I agree with Paul--how can "expense discrimination" be read distinctly from disability discrimination? There would be no expense if it weren't for the disability, and the disability status is precisely what is protected. I suppose Posner (and the law & econ people) would prefer that we all not treat our disabilities. Why do people find disabilities unsettling and uncomfortable to be around? Partly because they are things that require "treatment", and the more difficult, complicated, and expensive the treatment, the less likely people are to feel comfortable with the disability. Serious conditions require expensive (and sometimes ineffective) treatments, and that reminds all of us of our mortality. It also, as Paul mentions, creates a feeling of "unfairness" if someone receives something financial that others don't.

This also smacks of the ugly distinction made under the ADA between "conduct" and psychiatric disability, when the primary way that a psychiatric disability manifests itself is via conduct. You can't treat someone differently based on their (involuntary) conduct without treating them differently based on their disability.

Posted by: Ramona | Feb 28, 2008 3:26:53 PM

My problem with Posner opinion is a factual one. "..that a person who had a nondisabling medical condition could equally incur." If it is true that a person could run up a 100K bill for both a nondisabling medical condition and a disabling medical condition he might have a point. But I don't think this is true as a factual matter. Certainly I don't think it's true enough so that it would pass a "disparte impact" test, if such a corporate policy existed. I would think that medical conditions that could run up 100K bill would almost always (not "equally," as Posner has it) be disabling conditions under the ADA.

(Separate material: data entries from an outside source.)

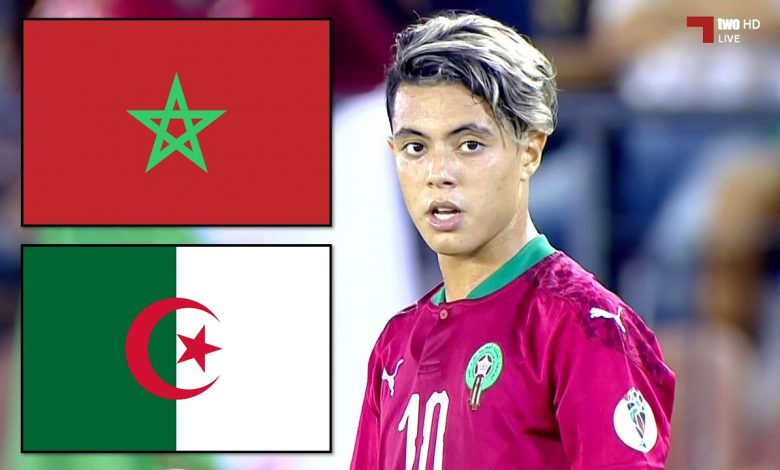 ملخص مباراة المغرب ضد الجزائر في نهائي كأس العرب للفتيان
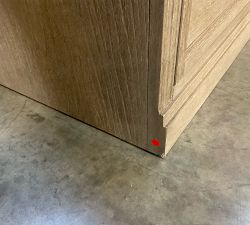Open Box: Livingston Modular Top of Cabinet (35") - Gray Wash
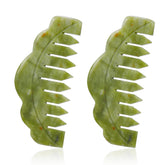 Geiserailie jade comb for head massage and relaxing scalp relief.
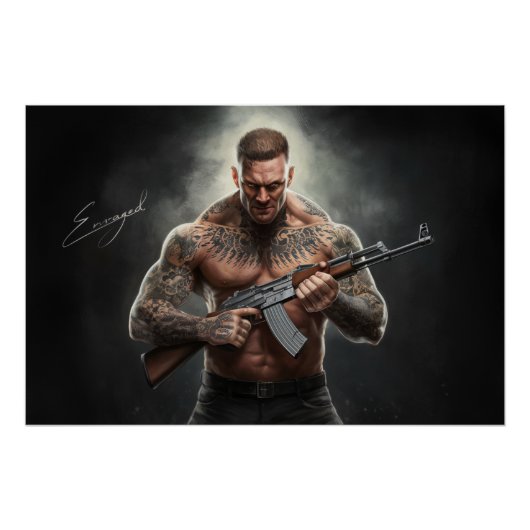 Poster Mann Enraged (Vorderseite)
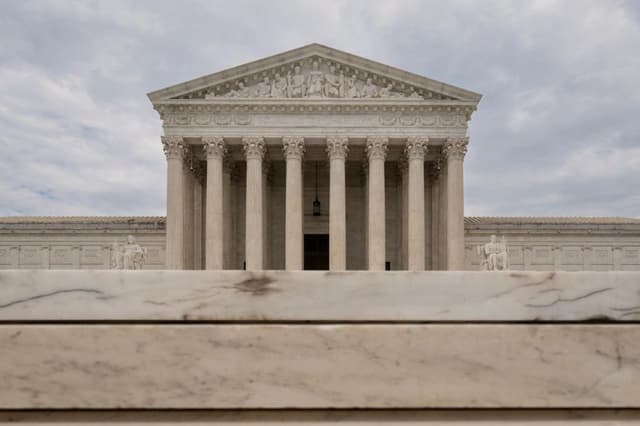 La Corte Suprema en Washington, el 31 de agosto de 2026. (Madalina Kilroy/The Epoch Times)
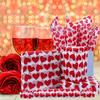 Christmas red heart packaging tissues, bulk gift bags, romantic Valentine's Day tissues, Thanksgiving birthday gifts,handicrafts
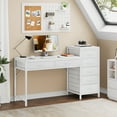 thumbnail image 7 of Condemo Vanity Desk with Reversible Drawer, 55 inch Makeup Vanity Table with 7 Drawers, Make Up Vanities for Women, Girls, All White (Without Mirror), 7 of 7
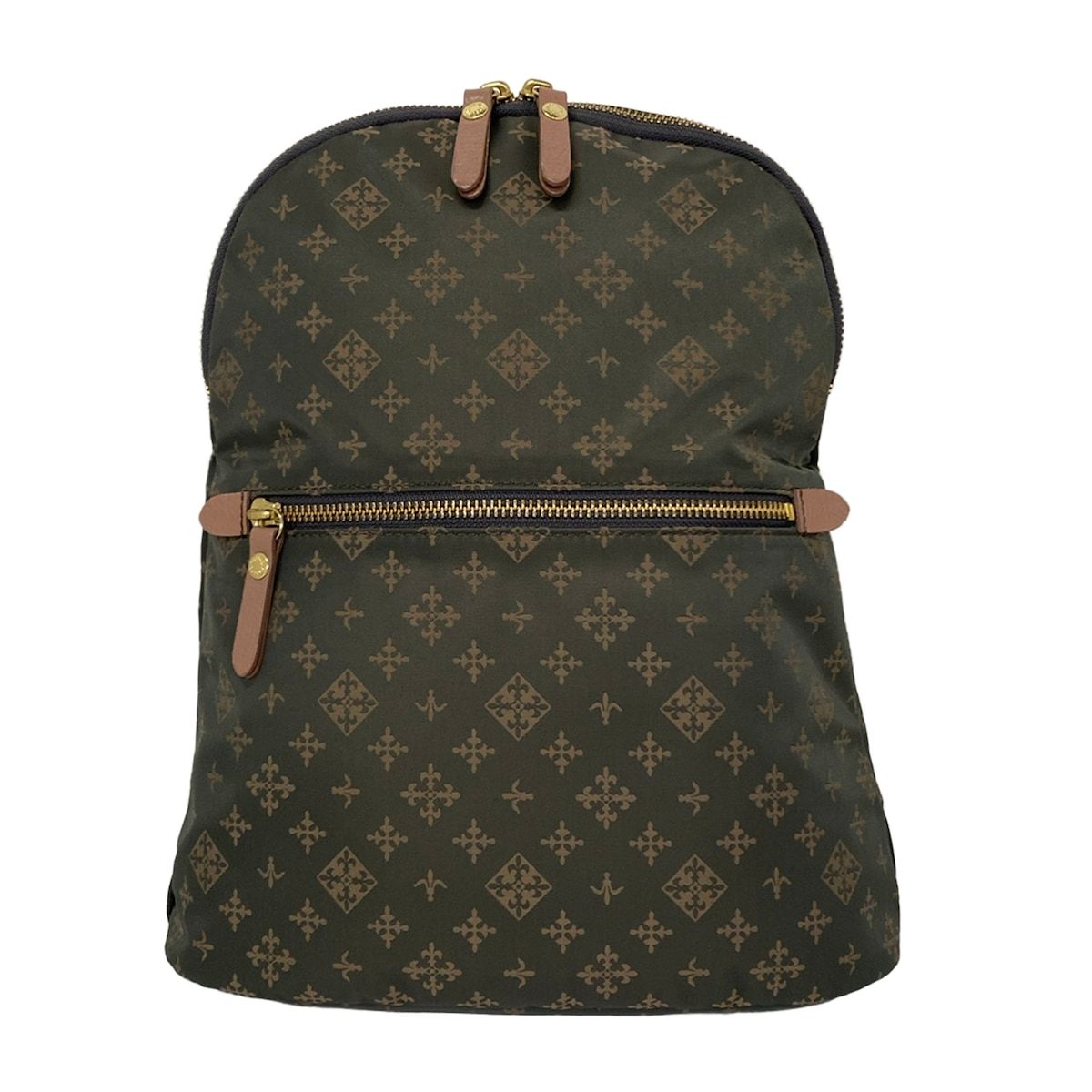 russet(ラシット) リュックサック美品 - ダークグレー×ベージュ 2way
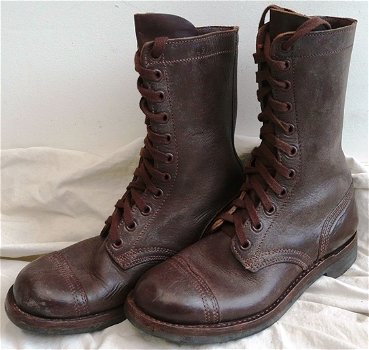 Schoenen, Laarzen, Gevechts, M57, Koninklijke Landmacht, maat: 42S, jaren'60.(Nr.2) - 0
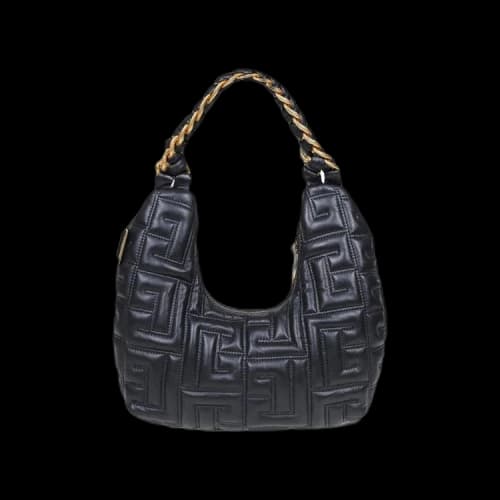 Balmain Mini Pillow Hobo Bag 'Black'
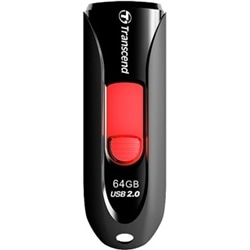 64GB USB2.0 Pen Drive Capless Black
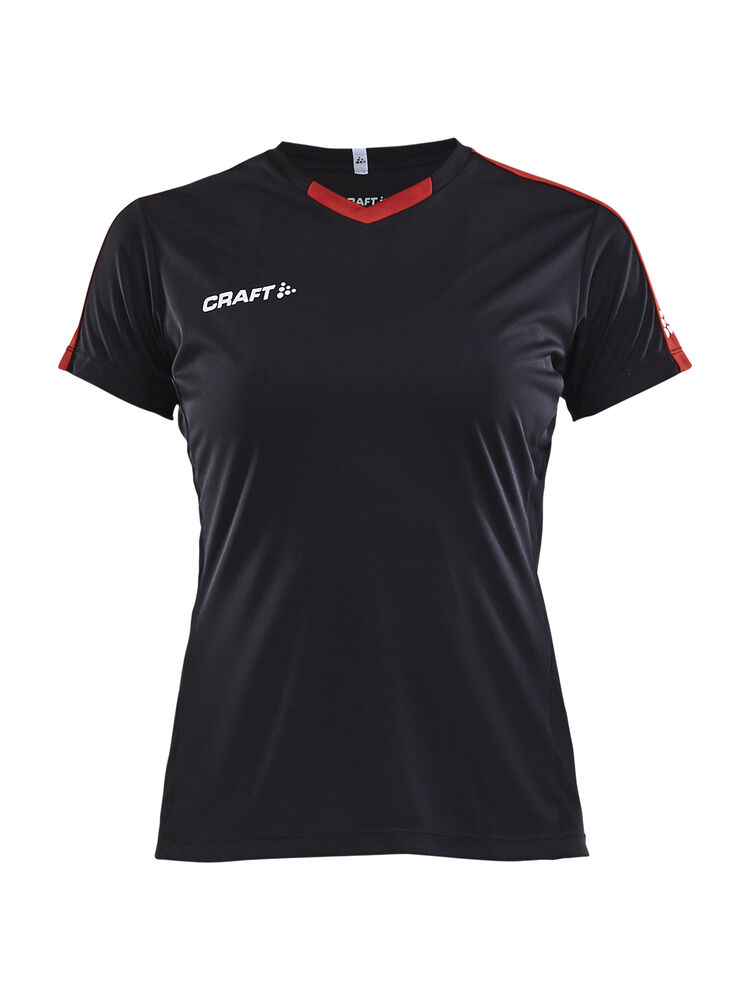 Craft Progress Jersey Contrast W - Black/Bright Red [9430] / XS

Posted by: Daniel T | Feb 28, 2008 4:15:53 PM

Posner's opinion does not require embracing Scalia's rejected opinion from Johnson Controls. The agency rules on the "infrequently litigated" provision say employers don't have to provide reasonable accomodations to associational employees. Given that, the bfoq analysis is irrelevant and we have a straight up discrimination case.

Posted by: Jack | Feb 28, 2008 5:00:51 PM

As in so many cases, Judge Posner just cannot accept (or repeatedy forgets) that employment discrimination law is not organized according to the principles a law & economics approach would recommend (to the extent it can recommend any). It's just _Manhart_ over again and again and again. He should read Sam Bagenstos' "Rational Discrimination" article as a prophylactic every time he sits down to write an opinion about discrimination.

Posted by: Noah Zatz | Mar 1, 2008 8:24:05 AM

Please note that universal health coverage, particularly a single-payer system, would, in large part, obviate Posner's cost argument.